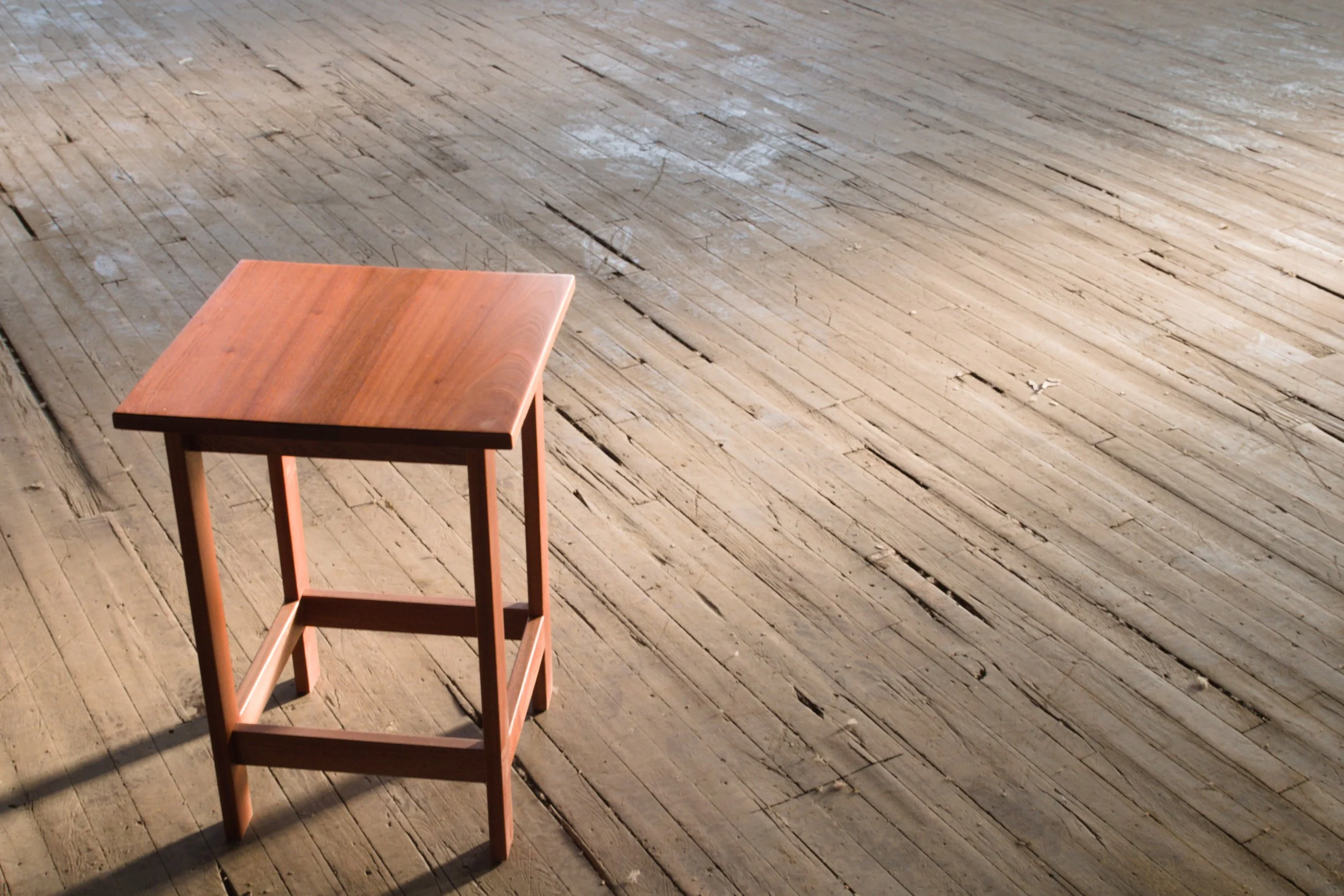 A small wooden chair sits on a worn wooden floor with visible cracks and scratches.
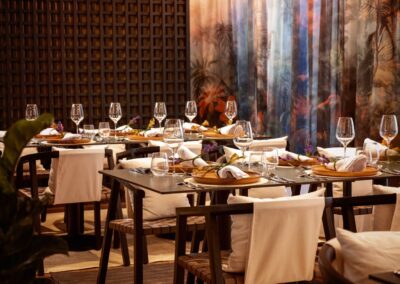 Tables set with wine glasses in the AmaMagdalena restaurant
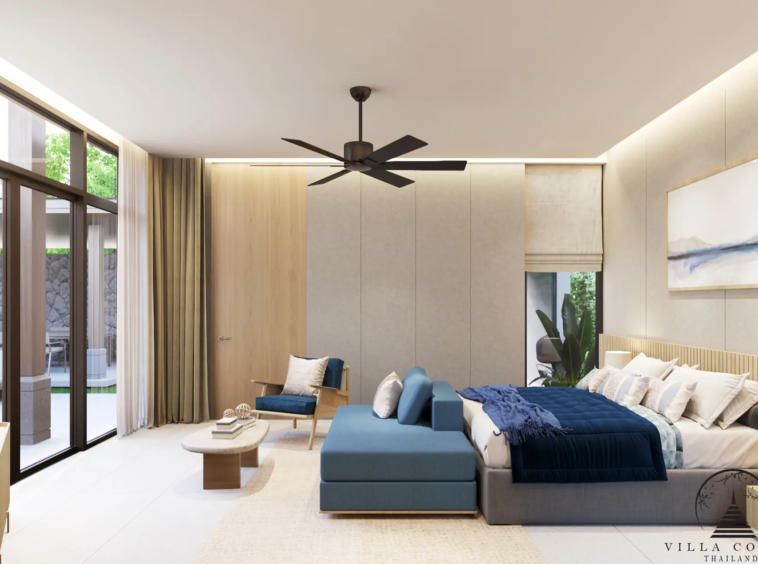The master bedroom in a QAV Residence villa with a view of the garden.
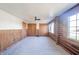 Charming bedroom showcasing log cabin walls and double closets at 4298 W 300 N, Anderson, IN 46011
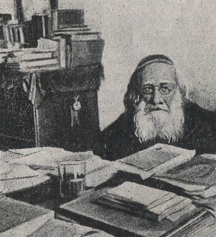 Photographie noir et blanc d'un homme agé portant des lunettes et une barbe blanche. Il est assis devant sa table de travail où se trouvent de nombreux livres.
::::::::::
Begin at the line containing "Charming bedroom showcasing" and write out every line to the end of the data exactly. Skip the pictures.

 Charming bedroom showcasing log cabin walls and double closets at 4298 W 300 N, Anderson, IN 46011
 Photographie noir et blanc d'un homme agé portant des lunettes et une barbe blanche. Il est assis devant sa table de travail où se trouvent de nombreux livres.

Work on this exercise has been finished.